PHOENIX - State senators voted Thursday to block the state from using touch-screen voting machines unless they also produce a printed record.

The state must ensure that votes cast by Arizonans are accurately recorded, said Sen. Gabrielle Giffords, D-Tucson. And that means being able to do a recount.

But no paper record leaves nothing to recount - meaning the only way to review the tally is to query the machine that may or may not have recorded the votes accurately.

The root of the concern is that a touch-screen machine simply tallies the votes in its internal memory. And Giffords said there is evidence the electronic machines have problems.

In fact, on Thursday California's Voting Systems and Procedures Panel unanimously recommended that state ban the use of 15,000 touch-screen machines it has that were made by Diebold Election Systems.

Members said the machines malfunctioned during last month's California primary.

Giffords said there are many things that can go wrong, such as glitches in the programming, information that is erased or problems with the computer's memory.

"Things happen electronically, that's a fact of life," she said. "But that's why we need paper documentation, something tangible that we can go back to in the case of a power outage or in the case of memory failure, to recount."

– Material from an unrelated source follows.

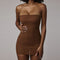 Simple Design Mesh Bottoming Dress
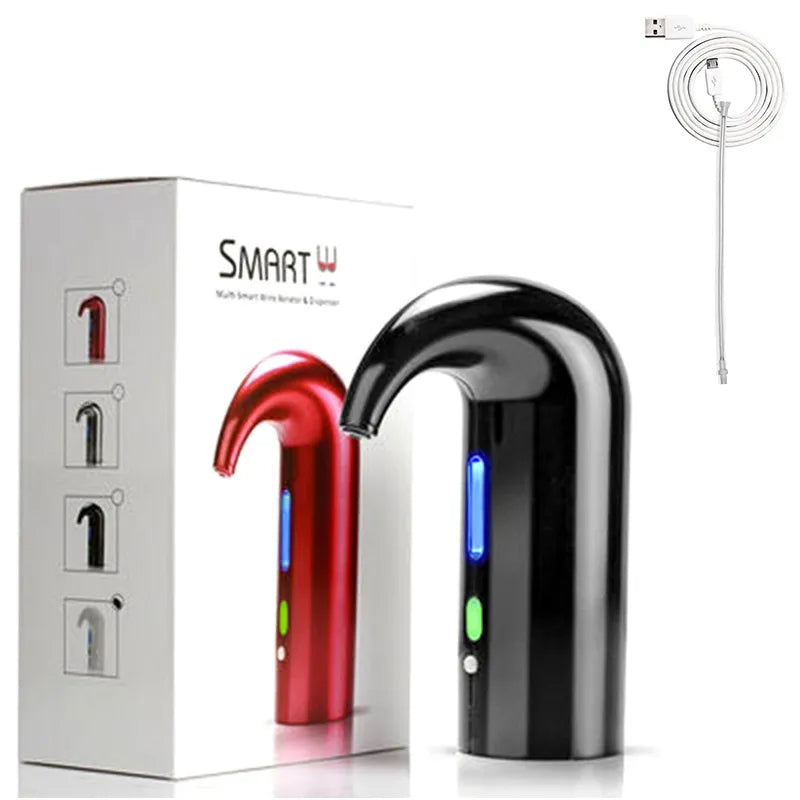 🍷 GlowServe VinoAir Elite – Electric Wine Aerator & Precision Pourer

Sen. Marilyn Jarrett, R-Mesa, agreed there should be some sort of paper trail.

"But we do not have the technology at this point to do it," Jarrett said she was told by Secretary of State Jan Brewer. She said Brewer promised her that once such machines are available the state will have them.

Giffords disagreed, saying such machines exist.

At the moment the argument is largely academic: The only touch-screen machines now in Arizona have been specially purchased for the visually impaired, because federal law requires such a system for the 2006 election.

All other voters will be using optical scanning equipment, where someone marks a ballot with a pen or pencil and the paper then is fed through a machine that tallies the votes. The paper is preserved if there is a need for a recount.

However, Giffords is concerned because other states are moving to touch-screen machines for all voters.

Arizona has no such plans, said Kevin Tyne, deputy director of state.

Members of the Campaign for Verifiable Voting cited a report done by researchers at Johns Hopkins University which found "significant security flaws" in the voting system used by Diebold Election Systems, the company that manufactures touch-screen voting machines.

Diebold disagreed with the recommendation, said its marketing director, Mark Radke. The company will quickly write a report outlining its objections.